# Preparation

In [1]:
import sys
import os
notebook_dir = os.getcwd()
sys.path.append(os.path.abspath(os.path.join(notebook_dir, '..')))

In [2]:
!pip install sentence-transformers




[notice] A new release of pip is available: 25.0.1 -> 25.2
[notice] To update, run: python.exe -m pip install --upgrade pip


In [3]:
import numpy as np
from utils import dataset_utils
from utils import metrics
from sentence_transformers import SentenceTransformer

# Data

In [4]:
requests_file = "../data/request_db.txt"
ads_file = "../data/ads_db.txt"
matching_file = "../data/matching_db.txt"

In [5]:
with open(ads_file, encoding="utf-8") as f:
    ads_raw = f.readlines()

In [6]:
with open(requests_file, encoding="utf-8") as f:
    requests_raw = f.readlines()

# Preprocessing

In [7]:
def preprocess(text):
    text = text.replace("\\n", "\n").replace("\n", " ")
    text = text.strip()
    return text

In [8]:
ads = [preprocess(text) for text in ads_raw]
len(ads)

246

In [9]:
requests = [preprocess(text) for text in requests_raw]
len(requests)

357

# Predict

In [10]:
def calc_similarity(requests, ads):
    requests = requests / np.linalg.norm(requests, axis=1, keepdims=True)
    ads = ads / np.linalg.norm(ads, axis=1, keepdims=True)
    return np.dot(requests, ads.T)

In [11]:
model = SentenceTransformer('ai-forever/ru-en-RoSBERTa')

Some weights of RobertaModel were not initialized from the model checkpoint at ai-forever/ru-en-RoSBERTa and are newly initialized: ['pooler.dense.bias', 'pooler.dense.weight']
You should probably TRAIN this model on a down-stream task to be able to use it for predictions and inference.


In [None]:
request_embeddings = model.encode(requests)

In [13]:
%%time
ad_embeddings = model.encode(ads)

CPU times: total: 8min 5s
Wall time: 2min 6s


In [14]:
def predict(request_embeddings, ad_embeddings, threshold=0.5):
    sim_matrix = calc_similarity(request_embeddings, ad_embeddings)
    binary_matrix = (sim_matrix >= threshold).astype(int)
    
    predictions = {}
    for request_idx in range(binary_matrix.shape[0]):
        binary_vec = binary_matrix[request_idx]
        if binary_vec.any() == 1:
            predictions[str(request_idx+1)] = [str(idx+1) for idx in np.nonzero(binary_vec)[0].tolist()]  # indexation starts from 1 in the true_markup
    return predictions

In [15]:
pred_markup = predict(request_embeddings, ad_embeddings, threshold=0.6)

# Evaluation

In [16]:
true_markup = dataset_utils.load_matching_data(matching_file)

In [17]:
confusion_matrix = metrics.calc_confusion_matrix(true_markup, pred_markup, n_ads=len(ads), n_requests=len(requests))
confusion_matrix

{'TP': 247, 'FP': 656, 'TN': 86572, 'FN': 347}

In [18]:
stats = metrics.calc_all_stats(confusion_matrix)
stats

{'accuracy': 0.9885791715060007,
 'precision': 0.27353266888150607,
 'recall': 0.4158249158249158,
 'f1': 0.32999331997327985}

In [19]:
metrics.compare_with_saved_stats(stats, confusion_matrix)

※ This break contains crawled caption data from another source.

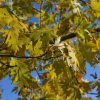 Acer saccharinum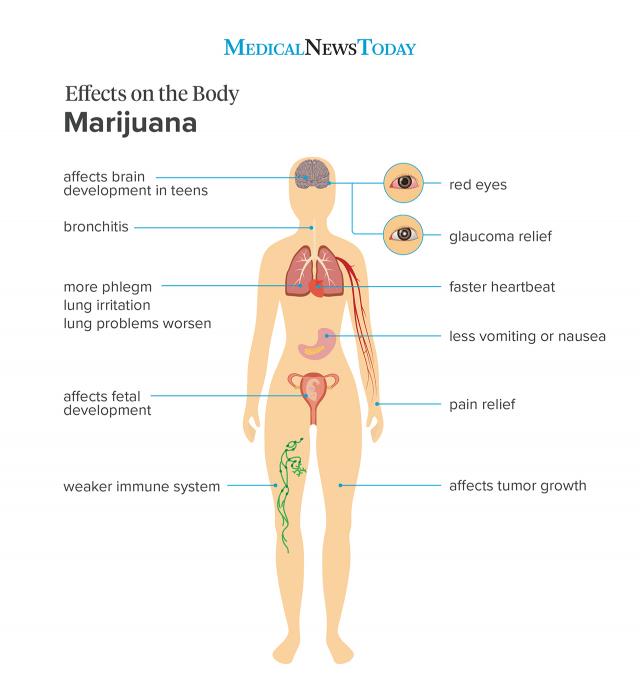 Effects Of Marijuana On The Body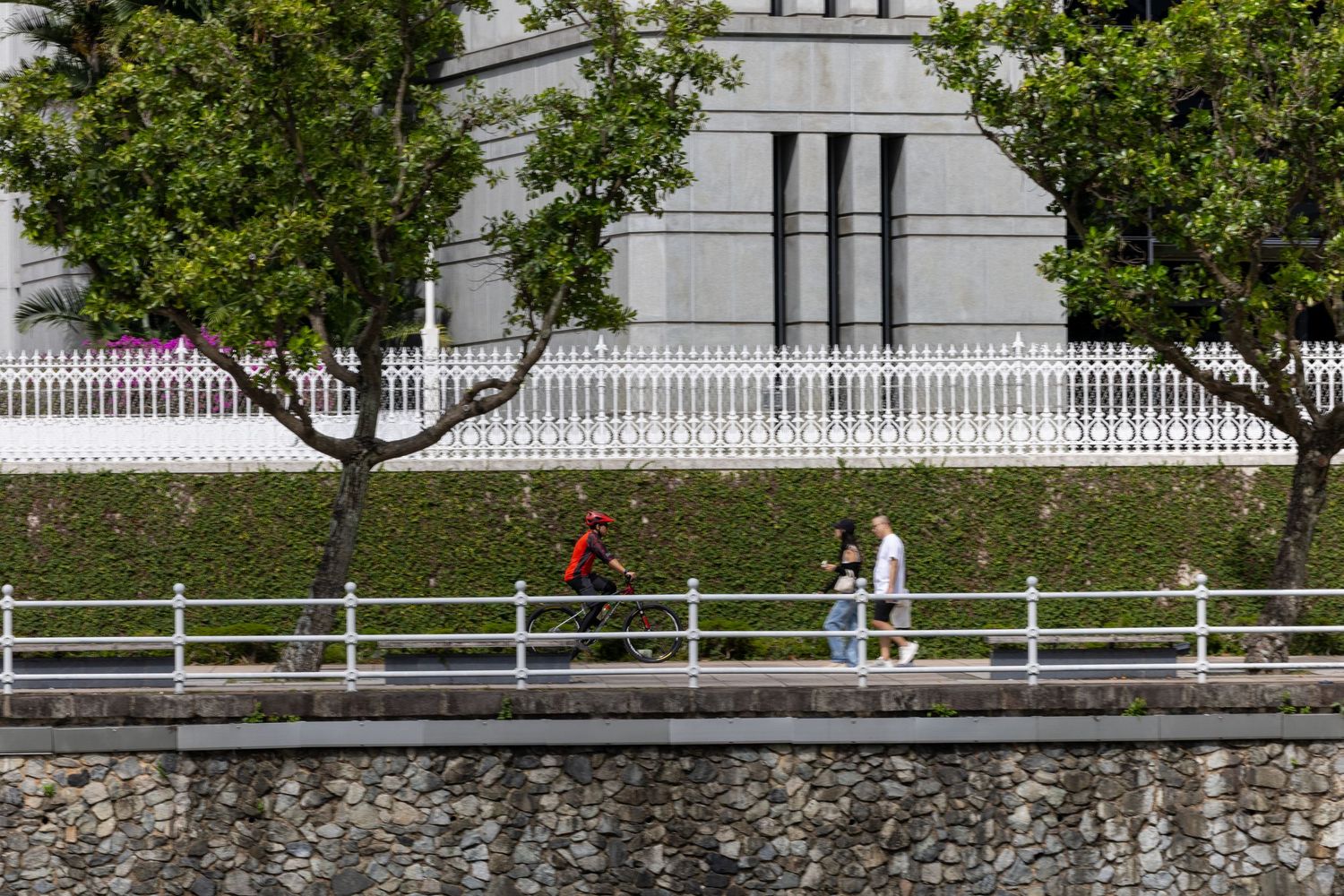A white picket fence lines a path beside a stone wall with trees and shrubs in a garden setting.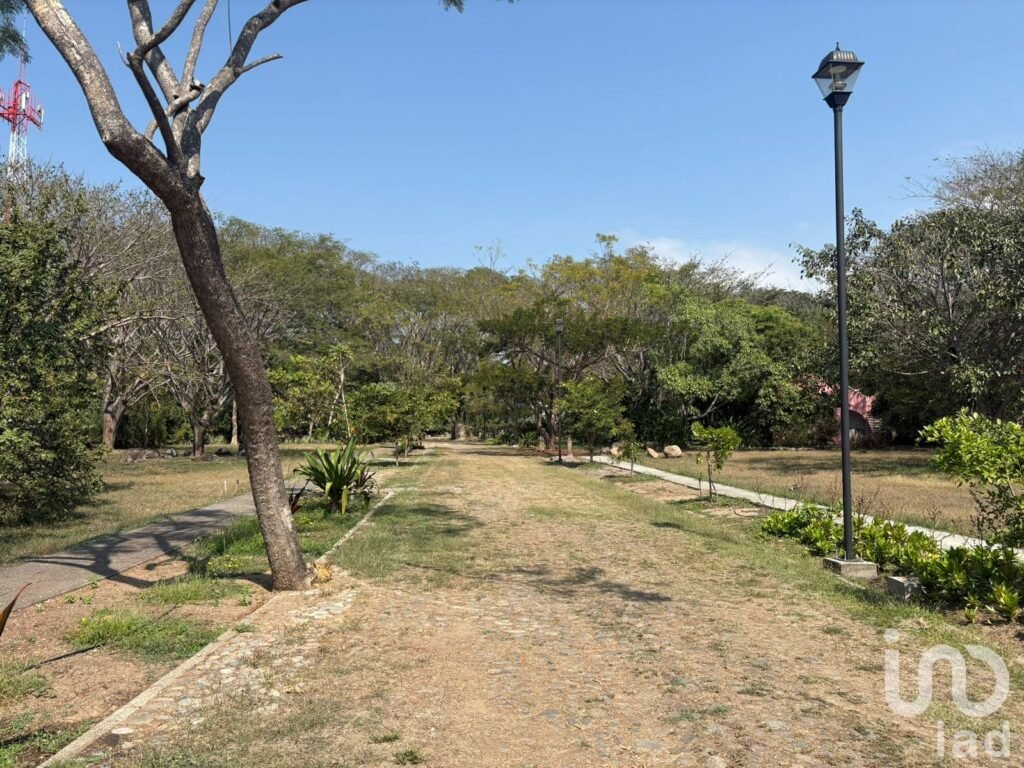 TERRENO EN VENTA CON VARIEDAD DE VEGETACIÓN TROPICAL EN COMALA, NOGUERAS, COLIMA.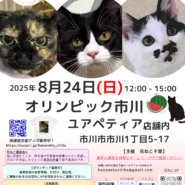 花ねこ譲渡会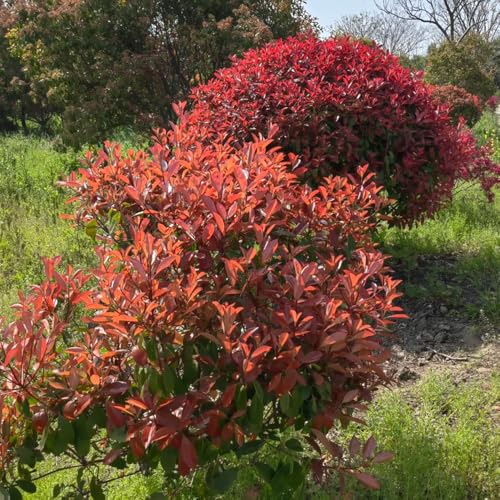 Semillas de petirrojo rojo de Photinia - cobertura - decoracion de níspero rojo petirrojo Arbustos de rápido crecimiento como pantallas de privacidad 25pcs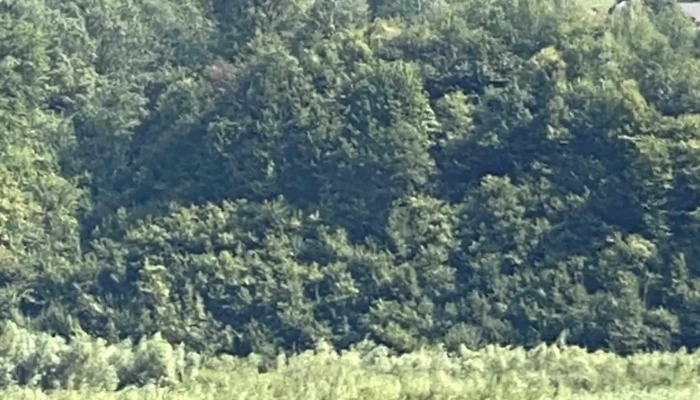 Pangarati Promoție - Romania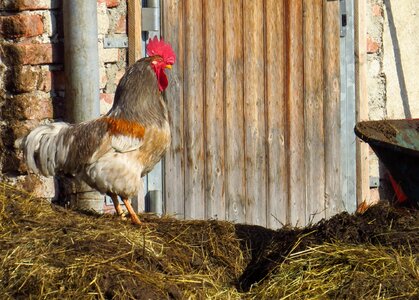 Pets poultry farm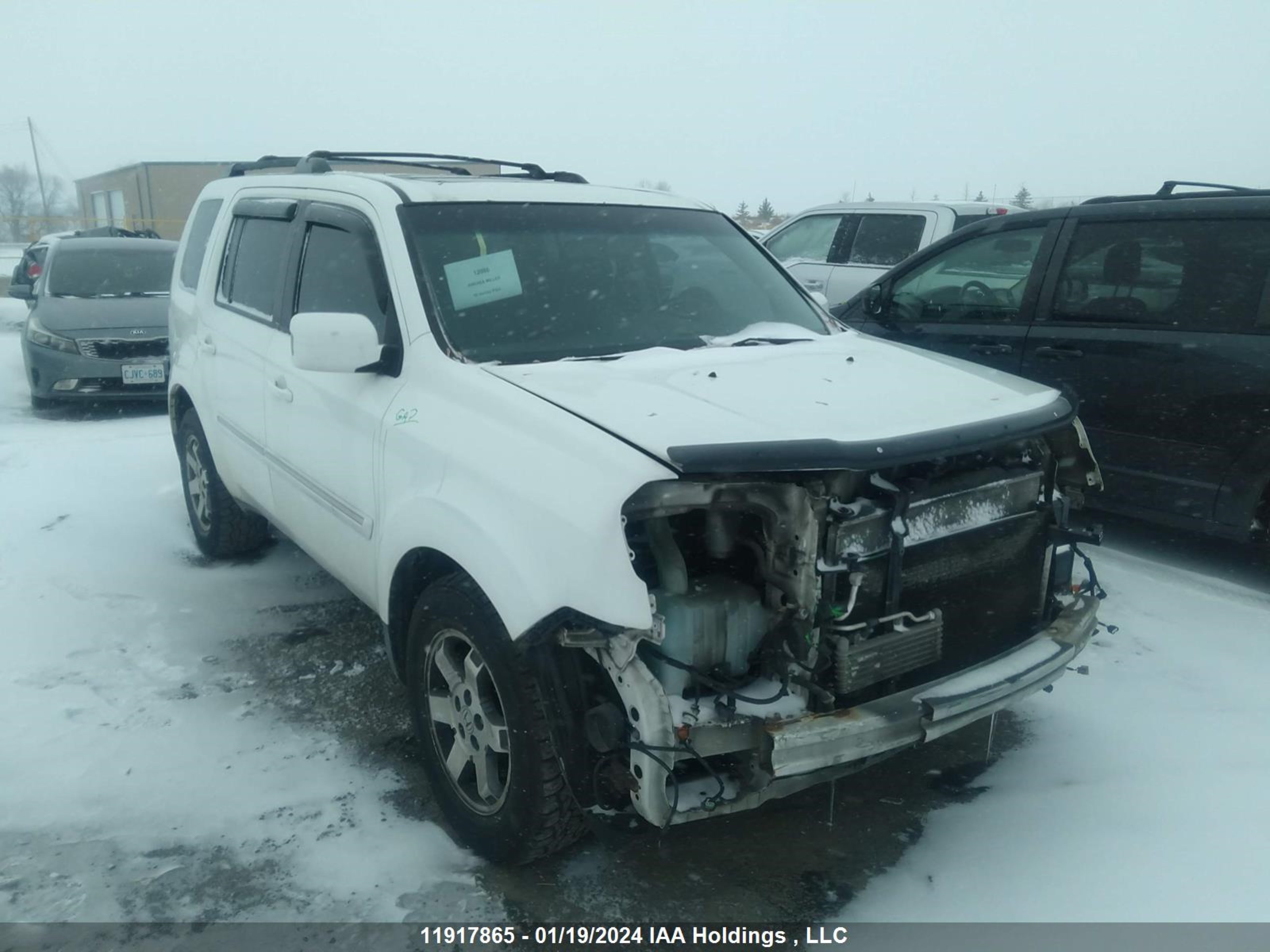 HONDA PILOT 2010 5fnyf4h9xab503596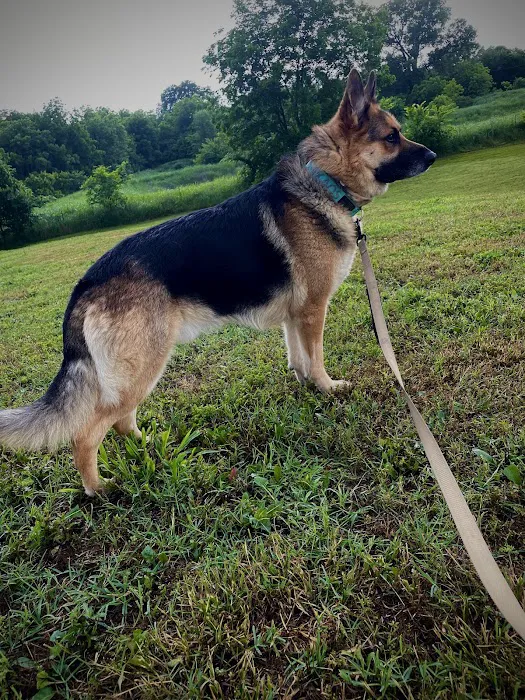 Family Pet Clinic Picture 10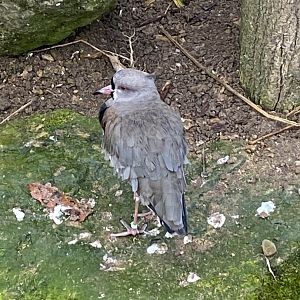 Southern lapwing 010323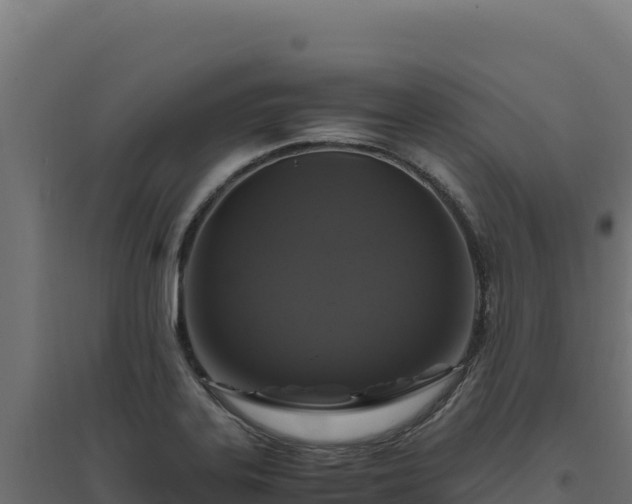 X0000094781323200711241330
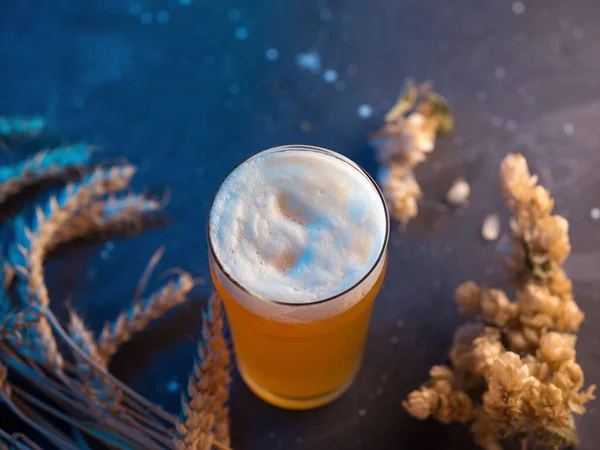 New England Ipa Ein Glas Craft Beer Draufsicht Trockenes Hüpfen — Stockfoto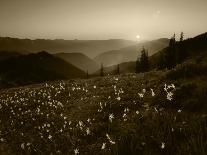 Obstruction Point at Sunset, Olympic National Park, Washington State, USA-Rob Tilley-Photographic Print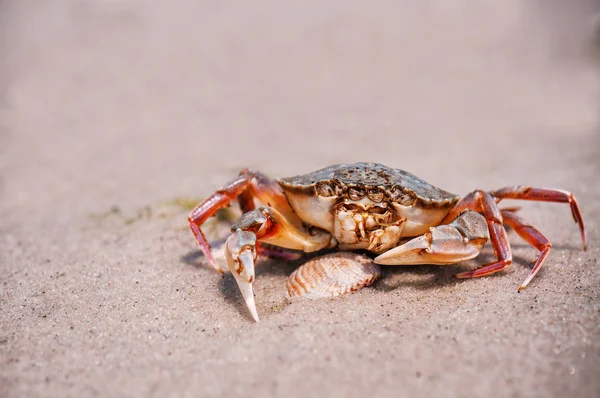 kum üzerinde canlı Yengeç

-----------------------------------------------------------------------------------------
|	Metric		|	Old Value	|	New Value	|	Diff	|
-----------------------------------------------------------------------------------------
|	TP		|	73		|	247		|	📈 174	|
|	FP		|	524		|	656		|	📈 132	|
|	TN		|	86701		|	86572		|	📉 -129	|
|	FN		|	524		|	347		|	📉 -177	|
|	Prec		|	0.122		|	0.274		|	📈 0.151	|
|	Recall		|	0.122		|	0.416		|	📈 0.294	|
|	F1		|	0.122		|	0.330		|	📈 0.208	|

F1 📈 increased by 0.208, up to 33.0%, which is a significant growth 🚀